Читателю предлагается также рассказ о вражде одкомбианцев с жителями соседнего поселка Иоувил (Кориэт забавно перевирает его название — Evil[132] вместо Yeouvil), причём сначала якобы в поход отправились вооружённые одкомбианцы, а затем иоувилианцы двинулись на Одкомб. В обоих случаях «военные действия» удалось остановить лишь длинными речами, произнесёнными Кориэтом со шпагой в руках, под звуки военного оркестра и мушкетные залпы (откуда бы в Одкомбе взяться военному оркестру и мушкетёрам?) по всем правилам ораторского искусства, с цитатами из Гомера, Ксенофонта и Ливия, — речи, конечно же, приводятся полностью. Эта пародийная новелла о «войне» двух крошечных сомерсетских посёлков занимает четверть объёма книжки, она была бы вполне на месте в книге деяний другого великого путешественника — Пантагрюэля.

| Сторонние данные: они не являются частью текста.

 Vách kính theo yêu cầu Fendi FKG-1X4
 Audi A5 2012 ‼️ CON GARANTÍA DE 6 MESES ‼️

Так же как и предыдущая книга, «Капуста» открывается стихотворением Бена Джонсона, выдержанным в прежней фарсовой манере. Восхваляя «мудрую башку нашего одкомбианца и его неутомимые ноги», Бен советует ему просто помочиться на тех, кто не верит, что он мог за пять месяцев обойти мир и в следующие пять месяцев описать его! Что ещё нужно недоверчивым — ведь в книге точно указано, в какой день и час Кориэт входил в каждый город и когда уходил! К тому же, сохранилось и «вещественное доказательство» — его единственная пара обуви, в которой одкомбианский скороход «дохромал» от Венеции до Англии! Об этих же башмаках с ухмылками говорят и другие панегиристы, они даже изображены художником увитыми лавровым венком, и Кориэт объясняет, что, вернувшись, он повесил свои стоптанные башмаки на видном месте в одкомбской церкви. Интересно, что за десятилетие до того комик и клоун Уильям Кемп взялся протанцевать жигу весь путь от Лондона до Норича, после чего повесил свою обувь в Норичском таун-холле. Параллель Кориэт — Кемп проведена и в одном из панегириков[133].